United Nations - A long-awaited internal investigation, released today, concludes that the United Nations appeased and unwittingly abetted the Bosnian Serb military in 1995 as it carried out the worst mass murder in Europe since World War II. The extraordinary admission is contained in a report assessing the degree of U.N. responsibility for the deaths of thousands of Bosnian Muslims in July 1995, when Bosnian Serbs took over the "safe area" of Srebrenica, which had been under the protection of a U.N. battalion of 117 Dutch peacekeepers.

The report says the U.N.'s willingness to negotiate with Bosnian Serb leaders Radovan Karadzic and Gen. Ratko Mladic amounted to "appeasement." "It was with the deepest regret and remorse that we have reviewed our own actions and decisions in the face of the assault on Srebrenica," the report says. "Through error, misjudgment and an inability to recognize the scope of evil confronting us, we failed to do our part to save the people of Srebrenica from the Serb campaign of mass murder." The 155-page report, based on a review of classified U.N. cables and interviews with more than 100 officials, provides a chilling play-by-play of one of the darkest episodes in United Nations history. "The tragedy of Srebrenica will haunt us forever," it added.

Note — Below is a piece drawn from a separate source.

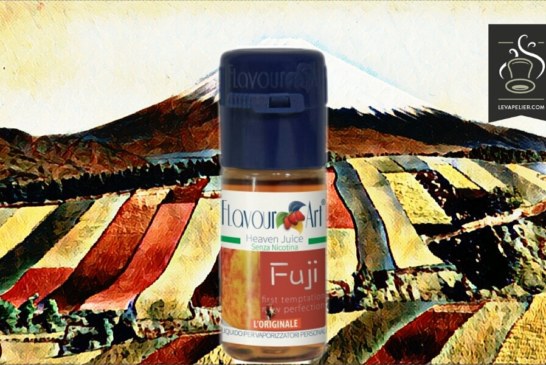 Fuji par Flavour Art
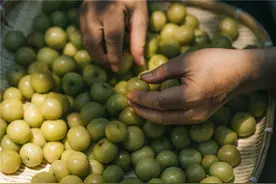潮汕油柑缺货价格飙涨8倍：新茶饮追爆款，从抢资本到抢货源图片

On July 6, 1995, as Bosnian Serb forces began a five-day assault on the town, senior U.N. commanders repeatedly rejected appeals from the Dutch peacekeeping force for NATO air support, while the U.N.'s local officer refused to release weapons to the Bosnian Muslims to defend themselves. When assistance finally came, it was "too little, too late," according to a U.N. cable. The blame for the fall of Srebrenica was not the U.N.'s alone, according to the report. It says the 15-nation U.N. Security Council, of which the United States is a member, was the chief architect of a policy that was doomed to fail from the start. The out-gunned, lightly armed Dutch peacekeepers also come under criticism for failing to fire on the town's besiegers or to warn of the enormous danger facing the enclave. And the major powers, including the United States, refused to provide intelligence on Serbian troop movements, the report says.

But the report reserves its harshest criticism for the U.N. leadership, particularly former Secretary General Boutros Boutros-Ghali; his senior commander, Lt. General Bernard Janvier of France; and his top envoy, Yasushi Akashi of Japan. They were the U.N.'s most vigorous opponents of the use of air power against the Serbs. Current Secretary-General Kofi Annan, who was in charge of U.N. peacekeeping through much of the 1992-1995 Bosnian war, also shared the blame. While his personal role in the events in Srebrenica is not clearly addressed in the report, it says he has accepted general responsibility for the U.N.'s failure in Bosnia. "We gave the Security Council the impression that the situation was under control, and many of us believed that to be the case," Annan is quoted as saying. "The day before Srebrenica fell, we reported that the Serbs were not attacking when they were. We reported that the Bosnians had fired on UNPROFOR [the U.N. Protection Force] blocking position when it was the Serbs. We failed to mention urgent requests for air power."

The report also challenges a long list of U.N. decisions during the conflict. The U.N. now acknowledges that its arms embargo undermined the Bosnian army's ability to defend itself. The report says the U.N.'s persistent reluctance to use air power against the Bosnian Serbs was a mistake. And the report repudiates a long-cherished assumption that the U.N. can be evenhanded in the face of an aggressor. The use of force, not diplomacy, is the only appropriate way to confront a determined aggressor, a lesson that was to be repeated later in Bosnia and Kosovo, the report says. "In Bosnia and in Kosovo, the international community tried to reach a negotiated settlement with an unscrupulous and murderous regime," it says. "In both instances it required the use of force to bring a halt to the planned and systematic killing and expulsion of civilians."